October 31, 2016
By Arthur H. Gunther III
ahgunther@hotmail.com
For this writer, there is an early Tuesday morning ritual, about 3:30, when a coffee break allows brief respite from volunteer cooking duties in my childhood village of Spring Valley, N.Y. Been doing this for awhile, but now an added twist is like dessert with the java.
Not long ago, I came across an old photo, posted on social media, of the then Dutch Reformed Church gym/gathering room. Taken in 1937, it shows Spring Valley students seated at long tables during religious instruction classes.
There were perhaps 50 students, high school, I would guess, and they are the combined Protestant teaching pupils for religious ed. St. Joseph up the street had the Roman Catholics.
“Release time” was a new activity in New York State, and it was secured largely through the efforts of the Rev. Dr. Alfred Wyckoff, the longtime pastor of the Dutch Reformed, now United Church. The idea was to continue religious instruction for secular students beyond Sunday School.
The gym photo was probably taken as release time began in the village and throughout New York State.

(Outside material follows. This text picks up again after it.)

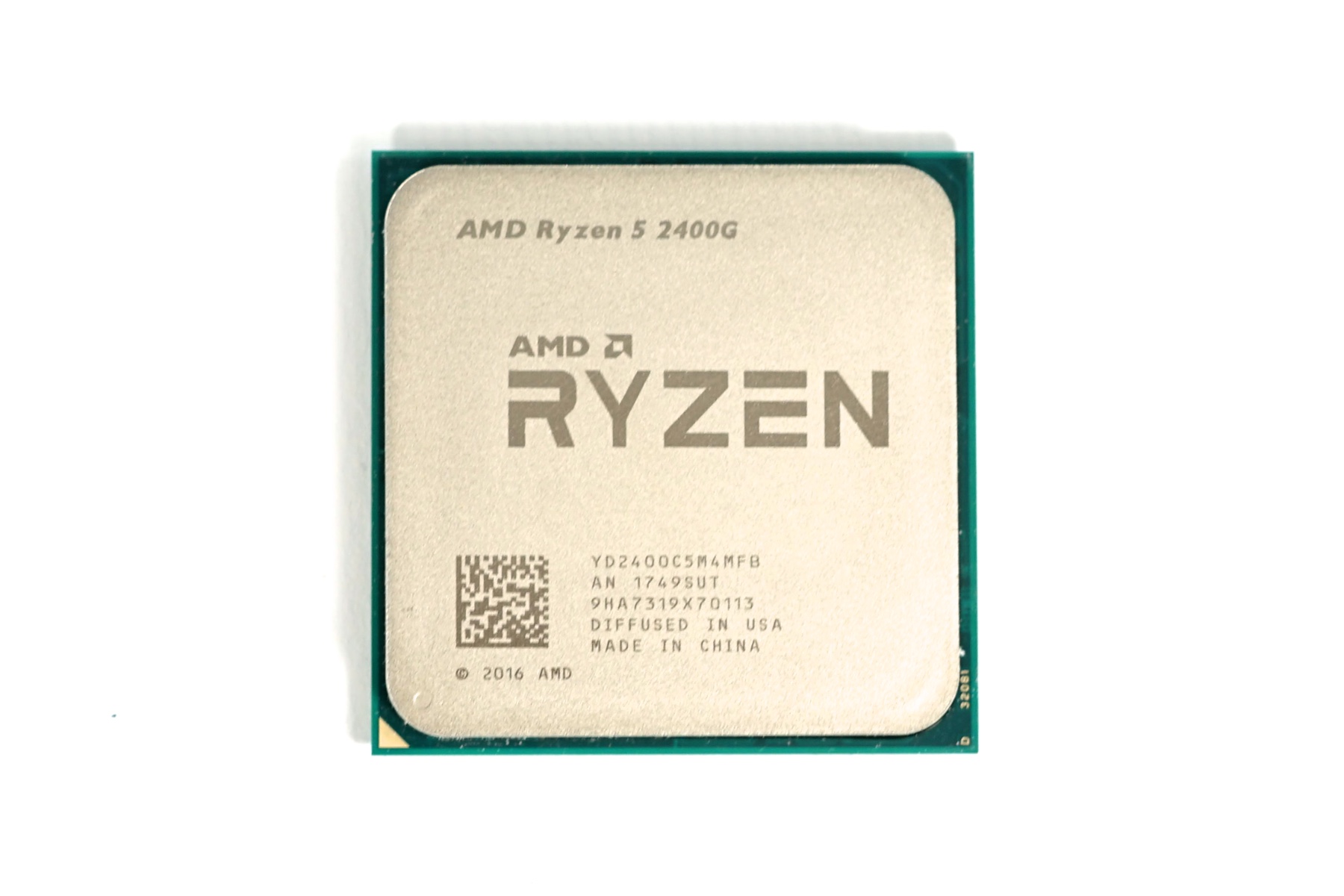 dobbelt Udholde gennemskueligt Ryzen 5 2400G and Ryzen 3 2200G in Review - NotebookCheck.net Reviews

Back to my Tuesday morning ritual. When I grab my coffee from the commercial Bunn machine, a device so well U.S.-designed and built that it has lasted for decades, I head for the gym, but not without looking at the 1937 photo.
I choose a student, look at her or him, and then sit exactly where the person was 79 years ago. I then have a breakfast companion of sorts, and I try to relate to the student’s world of 1937.
It was my father’s time, and he had to know every one of these students in what was then such a small village. These were sons and daughters of shopkeepers still in business when I was growing up. And their own kids went to school with me.
It was the Great Depression, with World War II just two years off. How many of these students served, died, were wounded? Where did their lives take them? Are any with us now?
There is so much promise in these smiling, hopeful faces. Did that happen? In the decades since the 1937 photo, so much has changed in the world, in Spring Valley, in everything.
But on quiet Tuesday mornings when initially I am all alone, when my childhood village is mine again, when I can hear the footsteps of my brother in Memorial Park, when I can feel the excitement of youth as the football game ended at the old high school and a spontaneous parade began on Main Street, I can also go home again by having coffee with Valleyites from 1937.